Microsoft is adding the commercial version of the Docker Engine into Windows Server 2016, continuing the company's efforts to reach out to include Linux in its plans.

The announcement, made this morning at the Microsoft Ignite conference in Atlanta, coincides with the official launch of Windows Server 2016, which is due to reach general availability in October.

It means that Docker will now run on Windows, but in a way, it's also a step in Microsoft's efforts to keep Azure open. Under CEO Satya Nadella, Microsoft has not only embraced the cloud but has also accepted the importance of Linux there. Windows could have continued with its own form of containers, but it's now embraced Docker.

Today's keynote, by Executive Vice President Scott Guthrie, also spent a lot of time on the hybrid cloud. Specifically, Microsoft announced monitoring capabilities that span the cloud and on-premises equipment, the key being that no software has to be added or upgraded on the on-premises side.

The monitoring capabilities, which are in technical preview, include some security intelligence. A common theme in security gear lately is to promise a way to sift through the hailstorm of alerts that any network generates, most of which are false positives. Joining that crowd, Microsoft said the Azure monitoring capabilities would include behavioral analysis to identify true breaches.

Azure's monitoring will also span both Windows and Linux servers.

New Types of Azure

Microsoft also announced the second technical preview of Azure Stack, which extends the Azure cloud and its management to on-premises equipment. In other words, it's a way to create an Azure-like private cloud inside an enterprise's own data center. Originally conceived as a software product, Azure Stack is going to debut in the form of hardware appliances, due to be available in mid-2017.

Inside Azure itself, Microsoft announced three new types of instances, adding to the four it already provides.

The H-series provides high-performance computing, focusing on jobs such as genomics or fluid-dynamics calculations. The L-series is storage-heavy and aims to provide low latency to applications such as databases.

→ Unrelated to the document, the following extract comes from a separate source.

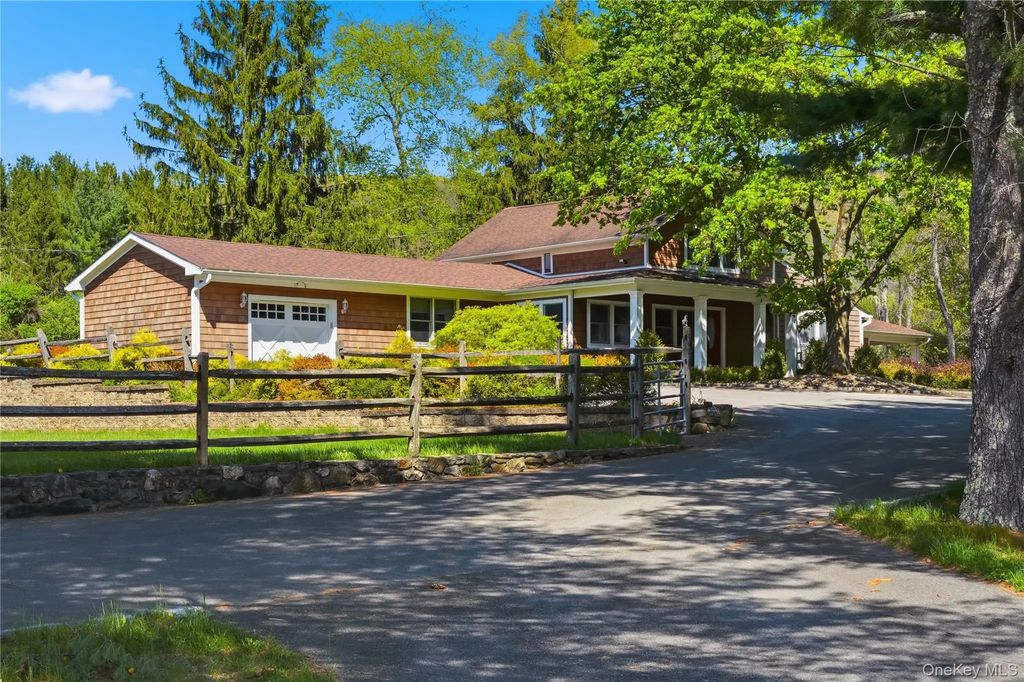 234 Hynes Road, Poughquag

Microsoft has the N-series in preview. These instances are run by Nvidia chips (the others are Intel-based), using graphical processing units (GPUs) for tasks such as graphics rendering. One beta customer is ESRI, a data visualization specialist that produces three-dimensional simulations and maps. These are compute-heavy jobs that were previously difficult to run in the cloud, said Bradley Bartz, ESRI's performance engineering team lead, during an onstage demo at Insight.

GPUs are also being used to power artificial intelligence and deep learning, as Jason Zander, corporate vice president of Azure, pointed out is a separate session this morning.

Microsoft had another AI-related announcement today. The company has deployed FPGAs — chips whose hardware can be reprogrammed — in 15 data centers across five continents. They form a pool of resources that are being tapped as a big AI engine.

As Wired reports this morning, the AI aspect of the FPGA pool was created for the Bing search engine. It's not being made available as a cloud-based service à la IBM’s Watson, at least not yet.

But Azure itself is taking advantage of the FPGAs. They're being used to make decisions for accelerating networking, Zander said, giving Microsoft the ability to reach 25 Gb/s speeds.